Don't build a wall, plant some gorse!  My first recollections of gorse are on the golf course and searching for wayward balls. Not a pleasant experience! But I have managed to come round to gorse, over the years, in a more intimate way, let's say, although getting intimate with a gorse bush is not something I would recommend. The intimacy I speak of is to do with 'a sitting quietly with' and 'an identifying with' that is possible through this quietness. It is only through this kind of intimacy and quietness that you will come to see your self in the gorse and vice versa, to the point where you can exclaim, at least in my case, that 'I am Gorse!' Which is probably well and good since I am pretty thorny at first touch, but radiant with it!



May 23rd, and the Hawthorns are out in force. Some years they trickle by, but this year, maybe due to the dryness that preceded this week, they bloom like nothing else, amd the sides of the hills above Duntocher are afloat with Hawthorn.
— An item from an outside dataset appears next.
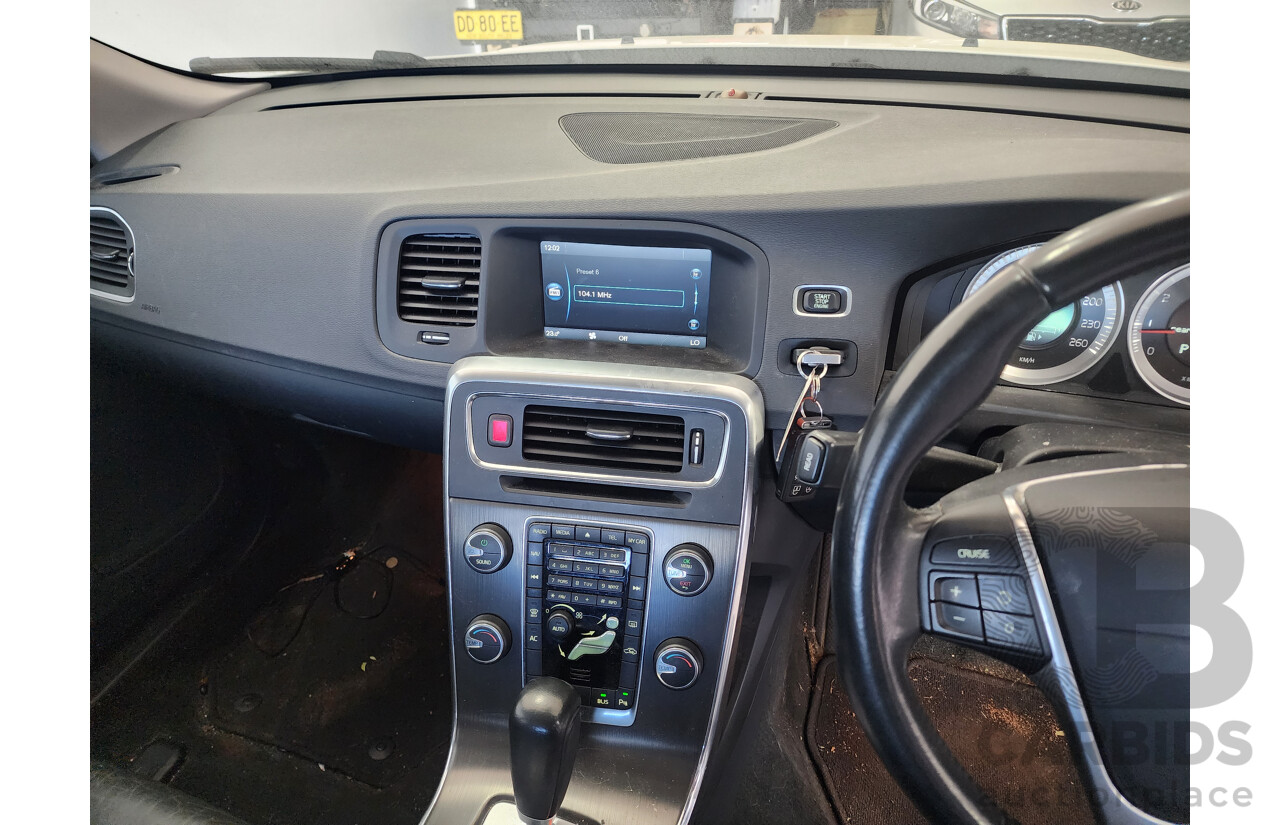 9/2013 Volvo V60 T4 Teknik F MY12 4d Wagon White 1.6L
A truly bizarre find, a deer-leg in the undergrowth. Blue Velvet indeed! Duntocher is the quiet peaceful village with secrets, apparently...


The golden hills of Duntocher! (More white than gold with all that Hawthorn). Plotting a way through this wall of gorse and brush is vital when you're at the top looking down, because by the time you get down there you can't see anything! (And this stuff can swallow you up whole!).
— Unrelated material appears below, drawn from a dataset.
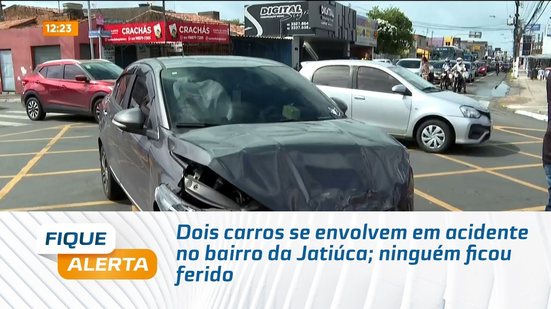 Dois carros se envolvem em acidente no bairro da Jatiúca; ninguém ficou ferido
Through the wonderful Dalmuir Wood into the wonderful Dalmuir Municipal Golf Course. Both empty of people!! I wonder at what everyone is doing, since, in my humble (and humate) opinion, there is no better way to live than to walk the earth.... and allow it to speak through you.


 'The Wee Drap' is one of the most iconic golf holes of the world!! With the beautiful stream coming through, down from the hills from where we ourselves have just tumbled, it is Glasgow's very own Amen Corner, except here, there are no toffs in monkey suits keeping you out. This Amen Corner is open to everyone.... (note the garden party with their 'alky tans' just downstream at the other bridge).



























Idyllic! Where would you rather drink? In a stuffy old pub, or by a babbling brook, beneath the sun-dappled shade of an enchanted wood? (In tribute to the 'jakies' who regularly gather here to drink and blether).





A Manifesto for the Moving


There are two types of people in the world - those who divide the world into two types and those who don't. No, seriously... there are.... two types...

Those who move their selves, and those who, like babies unable yet to walk, are carried.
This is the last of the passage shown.